§ **Work request**
The answer must restate the listing word for word, without its images.

§ **Input data**
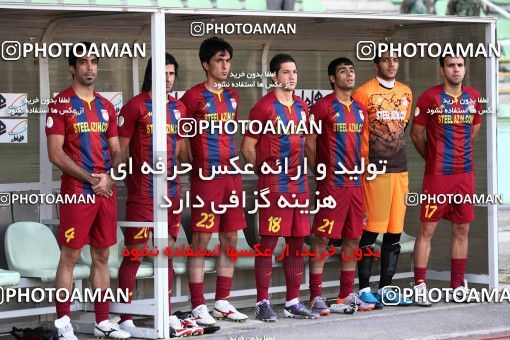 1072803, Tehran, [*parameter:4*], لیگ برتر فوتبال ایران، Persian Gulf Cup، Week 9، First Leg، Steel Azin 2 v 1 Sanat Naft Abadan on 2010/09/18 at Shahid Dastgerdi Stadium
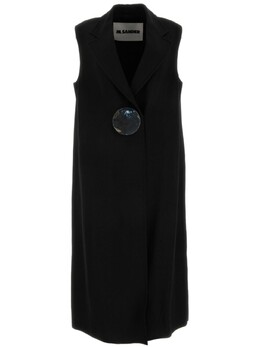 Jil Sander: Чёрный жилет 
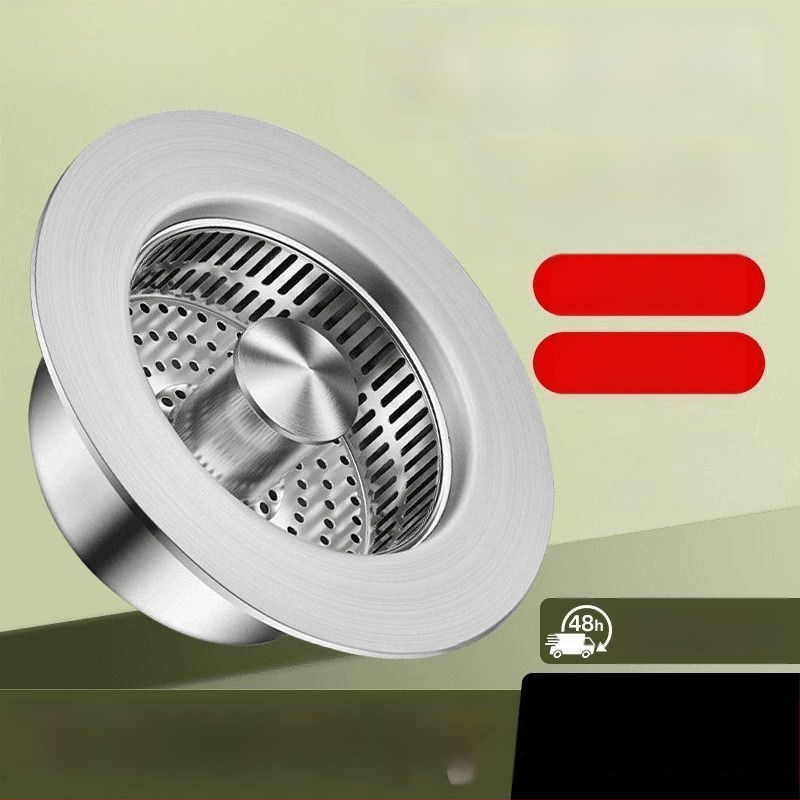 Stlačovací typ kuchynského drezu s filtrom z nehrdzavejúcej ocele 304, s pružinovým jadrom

§ **Written response**
 1072803, Tehran, [*parameter:4*], لیگ برتر فوتبال ایران، Persian Gulf Cup، Week 9، First Leg، Steel Azin 2 v 1 Sanat Naft Abadan on 2010/09/18 at Shahid Dastgerdi Stadium
 Jil Sander: Чёрный жилет 
 Stlačovací typ kuchynského drezu s filtrom z nehrdzavejúcej ocele 304, s pružinovým jadrom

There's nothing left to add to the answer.